**What needs to be done**
Only the lines from the one containing "AuGuStea Urban Studio Apartment in Bari" to the end of the entries should be written out, each exactly as it stands, both ends included.

**Data records**
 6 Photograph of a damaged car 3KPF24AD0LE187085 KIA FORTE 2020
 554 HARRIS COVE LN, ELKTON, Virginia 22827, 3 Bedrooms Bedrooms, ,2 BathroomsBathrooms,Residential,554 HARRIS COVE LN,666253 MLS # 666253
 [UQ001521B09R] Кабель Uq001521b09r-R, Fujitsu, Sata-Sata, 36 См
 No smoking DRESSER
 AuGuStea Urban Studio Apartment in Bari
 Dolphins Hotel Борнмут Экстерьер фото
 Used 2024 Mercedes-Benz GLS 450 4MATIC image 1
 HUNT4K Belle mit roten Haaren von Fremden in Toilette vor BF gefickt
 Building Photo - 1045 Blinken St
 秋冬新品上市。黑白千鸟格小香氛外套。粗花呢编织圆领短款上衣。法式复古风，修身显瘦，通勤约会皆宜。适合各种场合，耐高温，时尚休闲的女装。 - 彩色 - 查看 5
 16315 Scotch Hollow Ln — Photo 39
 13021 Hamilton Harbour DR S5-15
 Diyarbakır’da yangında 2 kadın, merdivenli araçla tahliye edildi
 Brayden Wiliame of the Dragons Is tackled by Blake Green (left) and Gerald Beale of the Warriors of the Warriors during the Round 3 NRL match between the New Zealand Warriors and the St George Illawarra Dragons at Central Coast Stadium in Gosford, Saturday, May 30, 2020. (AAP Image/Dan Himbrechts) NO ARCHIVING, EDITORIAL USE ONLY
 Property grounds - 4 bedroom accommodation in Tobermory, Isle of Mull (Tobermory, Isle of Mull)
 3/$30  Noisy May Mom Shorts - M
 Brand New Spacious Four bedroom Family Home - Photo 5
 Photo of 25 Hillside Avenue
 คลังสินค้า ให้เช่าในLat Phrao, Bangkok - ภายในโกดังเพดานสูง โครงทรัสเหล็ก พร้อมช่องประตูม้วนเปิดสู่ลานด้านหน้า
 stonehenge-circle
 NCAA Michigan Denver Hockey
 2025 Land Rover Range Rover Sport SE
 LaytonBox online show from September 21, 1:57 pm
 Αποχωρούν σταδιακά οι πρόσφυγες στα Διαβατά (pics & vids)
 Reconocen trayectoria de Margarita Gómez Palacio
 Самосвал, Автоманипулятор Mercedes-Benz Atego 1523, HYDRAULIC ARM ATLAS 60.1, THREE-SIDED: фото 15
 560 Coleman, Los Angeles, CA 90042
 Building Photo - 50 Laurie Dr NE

**Solution**
 AuGuStea Urban Studio Apartment in Bari
 Dolphins Hotel Борнмут Экстерьер фото
 Used 2024 Mercedes-Benz GLS 450 4MATIC image 1
 HUNT4K Belle mit roten Haaren von Fremden in Toilette vor BF gefickt
 Building Photo - 1045 Blinken St
 秋冬新品上市。黑白千鸟格小香氛外套。粗花呢编织圆领短款上衣。法式复古风，修身显瘦，通勤约会皆宜。适合各种场合，耐高温，时尚休闲的女装。 - 彩色 - 查看 5
 16315 Scotch Hollow Ln — Photo 39
 13021 Hamilton Harbour DR S5-15
 Diyarbakır’da yangında 2 kadın, merdivenli araçla tahliye edildi
 Brayden Wiliame of the Dragons Is tackled by Blake Green (left) and Gerald Beale of the Warriors of the Warriors during the Round 3 NRL match between the New Zealand Warriors and the St George Illawarra Dragons at Central Coast Stadium in Gosford, Saturday, May 30, 2020. (AAP Image/Dan Himbrechts) NO ARCHIVING, EDITORIAL USE ONLY
 Property grounds - 4 bedroom accommodation in Tobermory, Isle of Mull (Tobermory, Isle of Mull)
 3/$30  Noisy May Mom Shorts - M
 Brand New Spacious Four bedroom Family Home - Photo 5
 Photo of 25 Hillside Avenue
 คลังสินค้า ให้เช่าในLat Phrao, Bangkok - ภายในโกดังเพดานสูง โครงทรัสเหล็ก พร้อมช่องประตูม้วนเปิดสู่ลานด้านหน้า
 stonehenge-circle
 NCAA Michigan Denver Hockey
 2025 Land Rover Range Rover Sport SE
 LaytonBox online show from September 21, 1:57 pm
 Αποχωρούν σταδιακά οι πρόσφυγες στα Διαβατά (pics & vids)
 Reconocen trayectoria de Margarita Gómez Palacio
 Самосвал, Автоманипулятор Mercedes-Benz Atego 1523, HYDRAULIC ARM ATLAS 60.1, THREE-SIDED: фото 15
 560 Coleman, Los Angeles, CA 90042
 Building Photo - 50 Laurie Dr NE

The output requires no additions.